To see this in action, visit the Snapchat publisher help page. This is an unpublicized page that, in true Snapchat fashion, is passed along with instructions not to share.
The super-secret page is a pretty run-of-the-mill help page with a form at the bottom to describe the problem. The very on-brand part, however, is when Snapchat asks for the name of an employee who referred the publisher to the page. Intended or not, it’s a velvet-rope move that left this publisher unimpressed.
State of media in 2017
“What they want to do is have fewer sets of eyes on the thing. It makes everybody a jack of all trades. The perception is that the quality will go down. There’s no way it can’t.” — A New York Times copy editor, speaking to us in Digiday’s latest Confession.
Beware of honesty
The New York Times “Corner Office” spotlight is a nice feather in the cap for any executive. It’s a chance to find deep meaning in a summer job as a waiter or wax lyrically about leadership lessons from Winston Churchill. But sometimes, CEOs can get over their skis. That’s what happened to Barstool Sports CEO Erika Nardini, who has been roasted on Twitter for this response.

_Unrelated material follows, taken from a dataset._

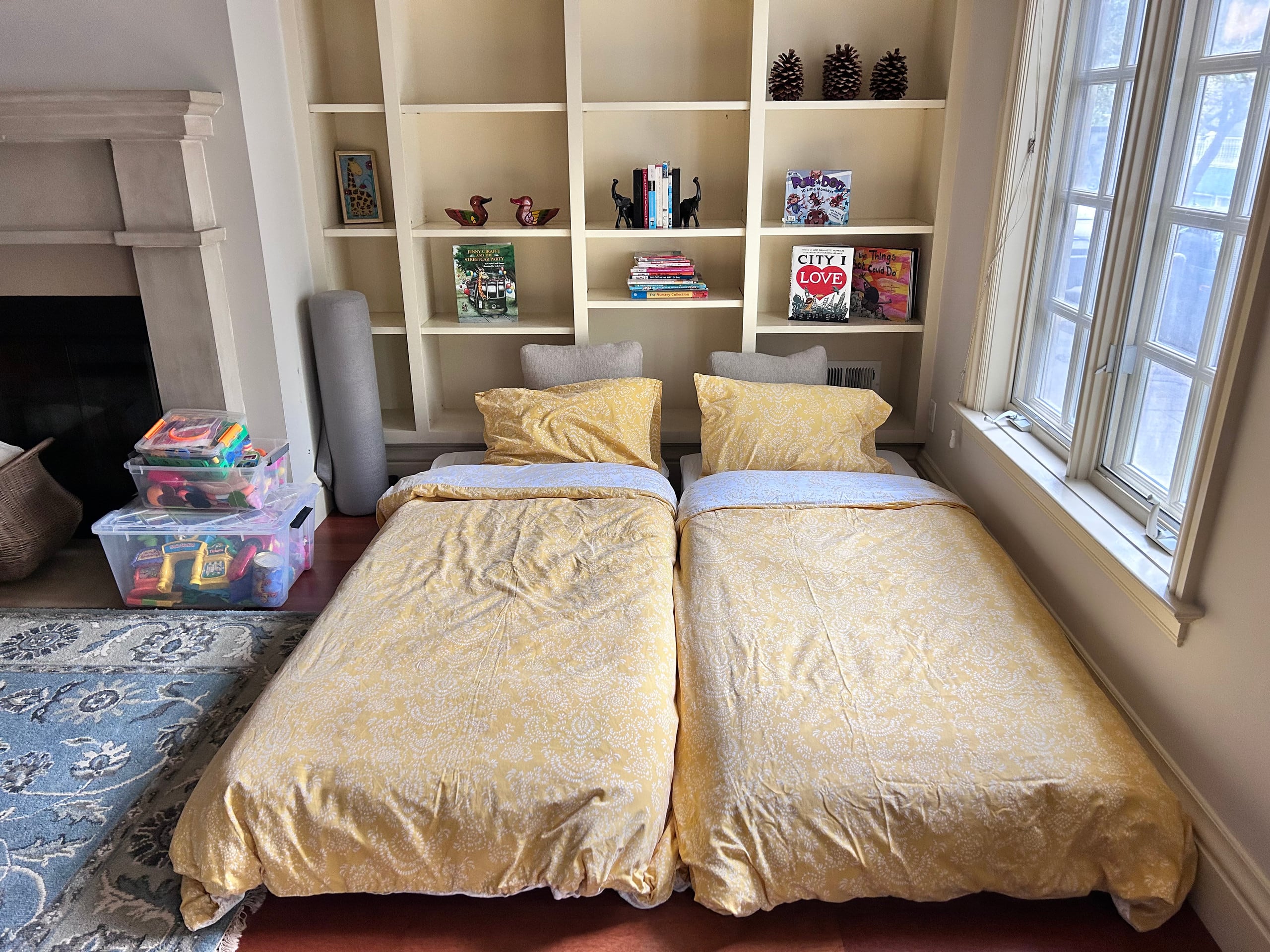 Home in San Francisco · ★5.0 · 1 bedroom · 2 beds · 1 bath - Image 5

— One ☕️, Two ☕️ (@hunterwalk) July 17, 2017
I’m sure Nardini was just giving the typical macho hard-charging CEO answer. And the truth is, every ambitious CEO wants people who are responsive and, ideally, “always on” to a degree. My guess is she didn’t mean all employees, but her top people. That comes with being paid a lot more. But being CEO is also being mindful of how things will be perceived. These days, sleep and mindfulness are in; the 1980s rise-and-grind and sleep-when-you-die mentality is out of style.
Facebook and publishers
The platform giant is getting more responsive to publishers’ wants, but there’s often a catch. In the latest example, this week it announced a new tool that shows publishers how their articles perform when they post them directly to the platform via Instant Articles compared to regular mobile articles on Facebook. On one hand, it’s nice for publishers to get something they’ve asked for since IA rolled out two years ago, but the data is limited. Kimberly Lau of The Atlantic, one of the publishers that was part of the project, likely spoke for many when she said she’d like to see more, “but they are moving.”
Watch out for Amazon
Amazon’s making a play for video companies and creators to distribute their work through its Amazon Prime platform, as we covered earlier this week. And it has something that Facebook can’t offer just yet: a consistent revenue stream — that’s not reliant on advertising, either.

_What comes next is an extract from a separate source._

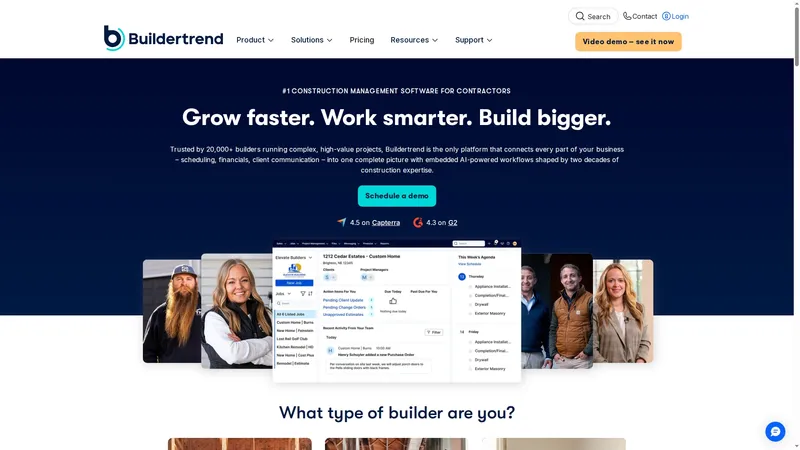 https://buildertrend.com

One midsize video publisher said it earned $40,000 in less than a month from Amazon after recently uploading a few of its videos to Prime. That’s not breaking the bank, exactly, but it’s a noticeable amount of revenue for very little work and very little internal investment — all video owners have to do is upload the actual videos and set terms on how they want the content made available.
And that’s just in video: It doesn’t include Amazon’s active recruitment of publishers to test and use Amazon Echo, as we also reported. Everyone seems to be waiting for the duopoly to turn into a troika — it’s hard to say Amazon won’t be the company that fills that role.